The tribunal heard that the beneficiary and the deceased met at work and spent an increasing amount of time socialising over many years. The beneficiary’s spouse purchased a farm with the deceased as a business partner, although there was no evidence to support this statement.

The beneficiary stated that when the deceased’s health declined, this limited their social contact outside of the beneficiary’s family, but they accompanied the deceased to their medical appointments and became their main support during this time.

The beneficiary and their family moved into the house at the farm and lived together with the deceased, making a commitment to a shared life and intending to live together permanently. No evidence was provided regarding the sale of this property, as mentioned.

It was also stated that the beneficiary and their spouse shared all the domestic tasks of running the combined households, including caring for the beneficiary’s children and running the farm.

The tribunal ruled that, first, as the beneficiary is not a biological adult child of the deceased, paragraphs 302-195(1)(a) and (b) of the Income Tax Assessment Act 1997 are not applicable. Additionally, the beneficiary was not financially dependent on the deceased and therefore, paragraph 302-195(1)(d) of the ITAA 1997 is not applicable.

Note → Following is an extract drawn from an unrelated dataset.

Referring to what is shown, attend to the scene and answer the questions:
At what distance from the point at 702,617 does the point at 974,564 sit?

Furthermore, it said that even though two persons, whether or not related by family, can have an interdependency relationship, in this case, there was no evidence provided to substantiate that a close personal relationship existed between the beneficiary and deceased before their death.

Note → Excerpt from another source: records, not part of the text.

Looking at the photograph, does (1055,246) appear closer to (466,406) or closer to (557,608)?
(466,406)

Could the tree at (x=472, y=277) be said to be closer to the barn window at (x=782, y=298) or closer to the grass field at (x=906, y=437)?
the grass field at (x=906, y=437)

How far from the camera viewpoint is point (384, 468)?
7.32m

“All information provided in the application suggesting a close personal relationship were only statements without supporting evidence, therefore, the facts cannot be established based on statements,” the ruling said.

“Therefore, a close personal relationship did not exist between the beneficiary and the deceased and the first requirement specified in paragraph 302-200(1)(a) of the ITAA 1997 has not been satisfied in this case.”

The ruling said that the requirement of living together had been met, as had the requirement for financial support; however, in relation to the fourth requirement of domestic care, no evidence was provided to support the claim.